You’ll be up against thousands of graduates with the same degree and skills as you in the job market. Standing out from the crowd isn’t always easy.
The truth is that there is no quick fix to finding the ideal graduate job or internship and remaining calm throughout the process doesn’t come naturally to everyone. However, you will find your dream job in the end, providing you stick at it and don’t give up.
Here are some top tips on keeping your stress levels down during the job hunt:
Maintain a perspective
Job hunting can be more stressful than ever within an unstable economic climate, so hang in there! While it may feel as though your world is crashing down, this situation won’t last forever.
While it can be difficult to stay optimistic during testing times, maintaining a positive outlook will allow you to face any challenges that are thrown your way. Setting short-term goals may be the way forward.
Think about the career path you wish to go down and the small steps you need to take to get there.
Manage your time well
It’s easy to get obsessed with browsing job boards but spending hours and hours each day on these sites will only stress you out more, especially if nothing new comes up.
Set a daily schedule and stick to it.
During the first week of job hunting, for example, re-write your CV and cover letter.
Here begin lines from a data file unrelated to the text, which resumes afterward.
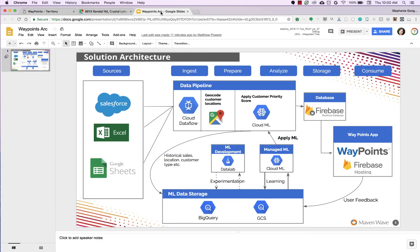Here's a look at the architecture. The data sources on the left-hand side — Salesforce, Excel, Google Sheets — are pulled into a Dataflow pipeline. Two big things happening there: first, we're geocoding the customer locations, which is taking an address and converting it to latitude and longitude coordinates so we can put it on a map. Second, we're applying a customer priority score. From there, we're putting it in Firebase Real-Time Database, which is then hosted on Firebase Hosting. We're doing ML data storage in BigQuery and longer-term storage in Cloud Storage. We're building these models in Datalab and serving the finished models using Cloud ML, which is then called in the Dataflow pipeline.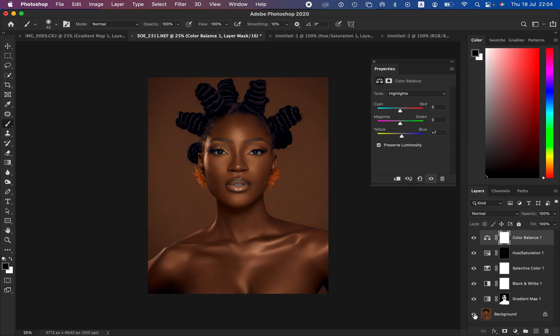This is basically how you can easily even out skin tones and have matching, even skin tones for your images in Photoshop. If you enjoyed this, simply like this video and don't forget to subscribe. If you've learned a thing or two, don't forget to keep practicing and keep creating.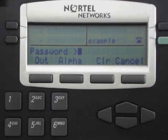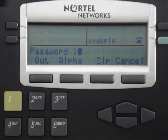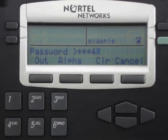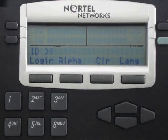You will now be prompted for your password. Type in your numeric password using the keypad. When you have typed in your password, hit the line key under Out. You are now logged out of the phone.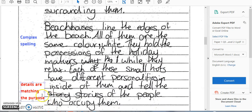Details are matching the purpose. The purpose here is to describe, and they are describing the picture quite clearly: 'Each of these small huts has different personalities inside them, and tells the stories of people who occupied them.' That's a nice detail, a nice way of phrasing it — a nice little personification used here. They've obviously got a decent grasp of some techniques to use. This is a good piece of work in terms of content.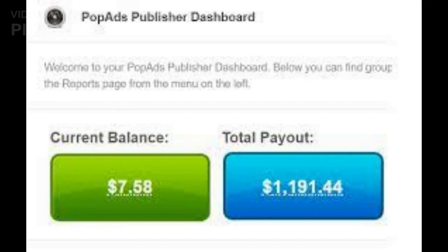Once you have an account and your website is approved, it's time to set up the PopAds.net code on your website. To do this, log into your PopAds.net account and go to the Websites tab. Here you will find a snippet of code that you need to place on your website. Simply copy this code and paste it into the header of your website.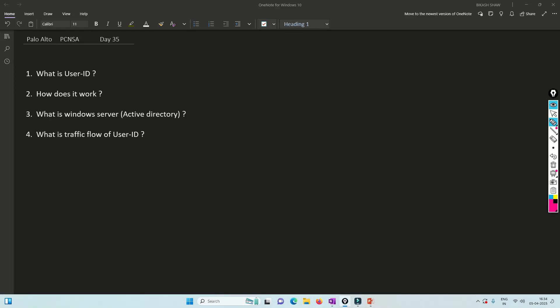Hello friends, welcome to my channel. Today is Day 35 of our PCNSA series. We have already covered URL filtering and App ID, and illustrated a lot of testing for how URL filtering works, how HTTPS and SSL certificates play a part. I've explained everything related to App ID and URL filtering. If you haven't watched, I'll link them in the i-button so you can have a look.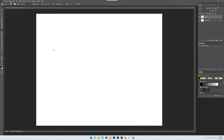The name of the game for this video is going to be putting it together. When you're beginning drawing, you have three main kinds of things.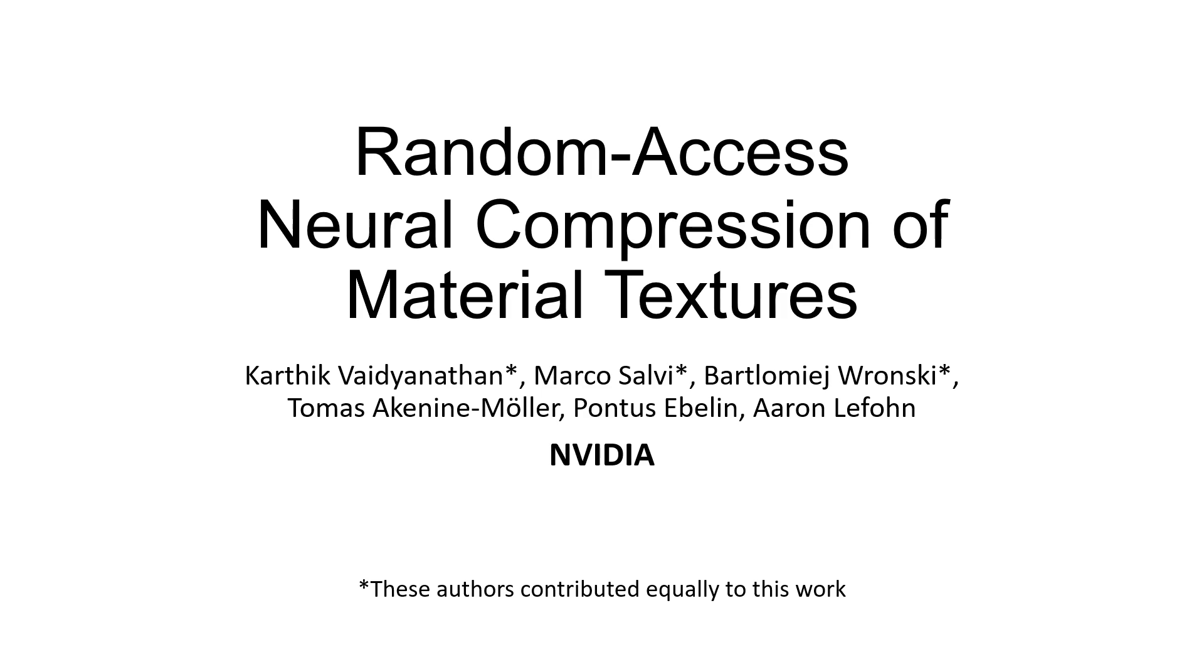In this work, we present neural compression of random access material textures, a novel texture compression algorithm created specifically for the constraints of real-time rendering.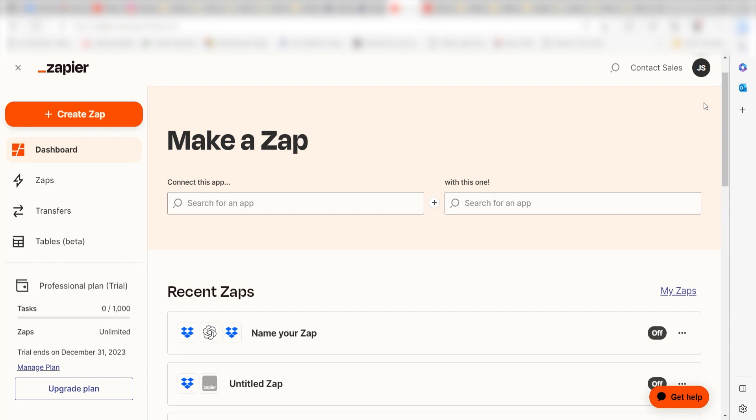Zapier is a no-code tool that makes it easier for anyone to automate workflows across 5,000 plus apps. If you don't have an account, there's a link in the description for a free two-week trial so you can try it risk-free. Let's dive in!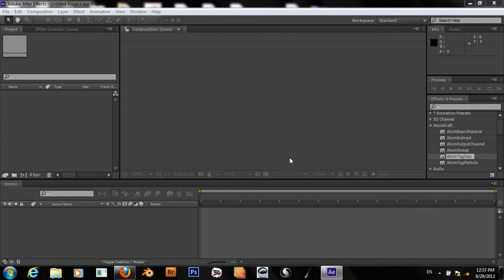Hello, and welcome to another awesome tutorial in Adobe After Effects. Today I'm going to be going over something really neat, so let's get started.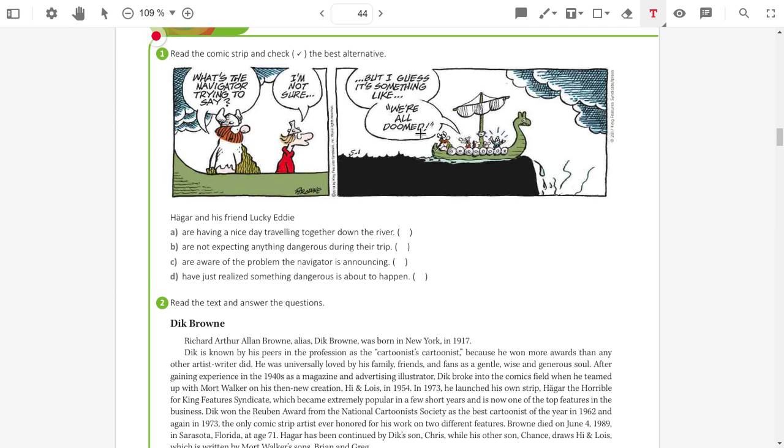Hagar and his friend, Lucky Eddie, are having a nice day. Are they having a nice day? No. So, you cannot check this option.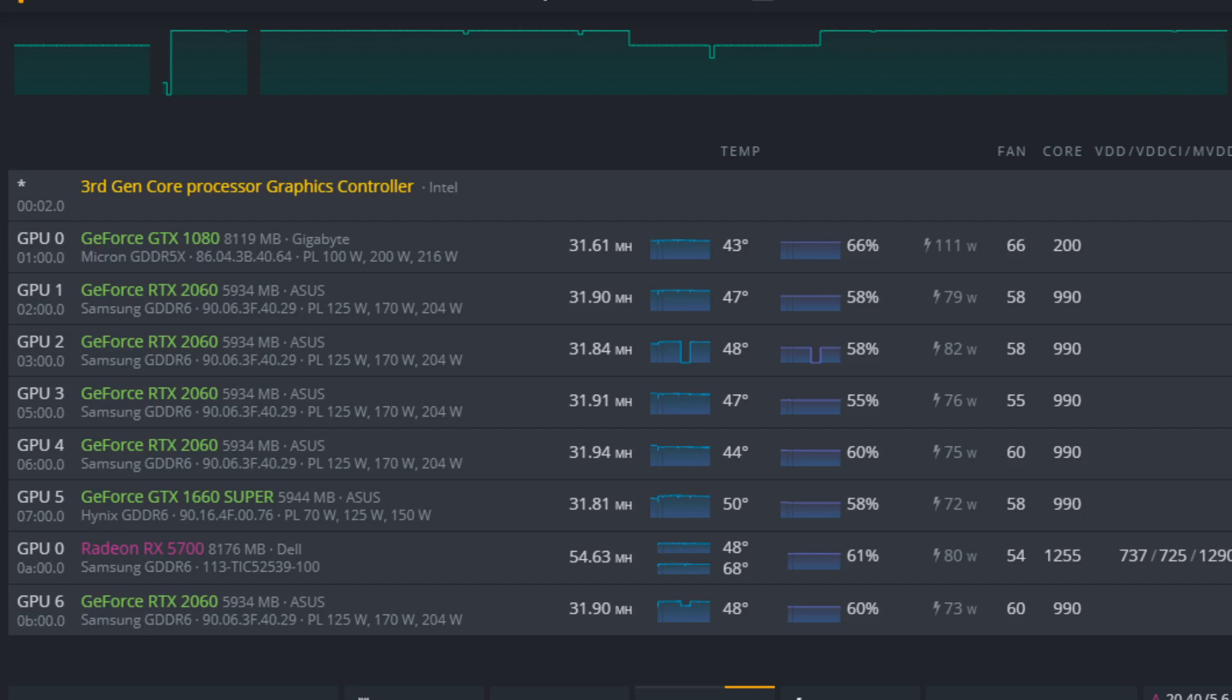Hello, in this video I'm going to quickly go over the overclock settings that I use on the RTX 2060 when mining Ethereum in HiveOS.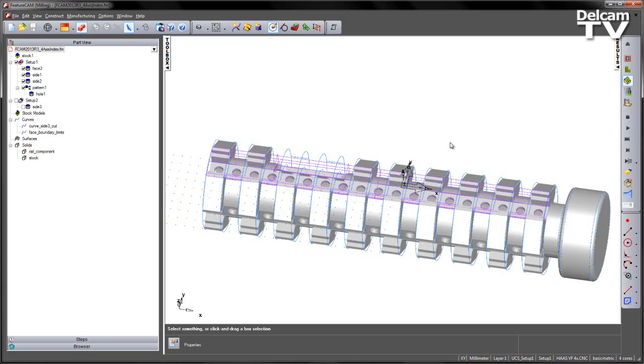In FeatureCam 2013 R3, you now have the option to move the index axis for 4-axis milling parts.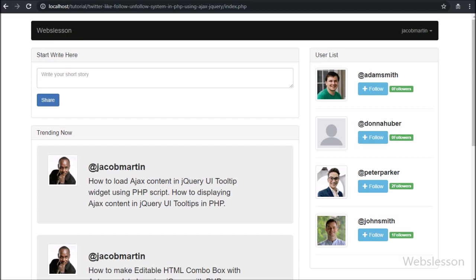In the next part we will discuss follow and unfollow functionality using Ajax jQuery with a PHP script.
For the next few weeks, spend a couple of hours each day applying for jobs that interest you.
Make a list of the jobs you’re applying to and make a note of any contact details that may come in useful.
Ask for help
If you start to feel overwhelmed by the prospect of job hunting, don’t be afraid to reach out for help. Having someone to talk to will help you alleviate any worries and get some advice as to how to progress in your search.
Your Careers team is on hand to provide support for students and recent graduates to get on the career ladder, so book an appointment to see if they can help. They also provide support for up to three years after graduation.
Take time for yourself
Although you may be unemployed, you still deserve time for yourself. Endless job hunting can lead to burnout and exhaustion – especially when you’re stressed.
Ensure you’re getting enough sleep, maintaining a healthy diet, and getting enough exercise.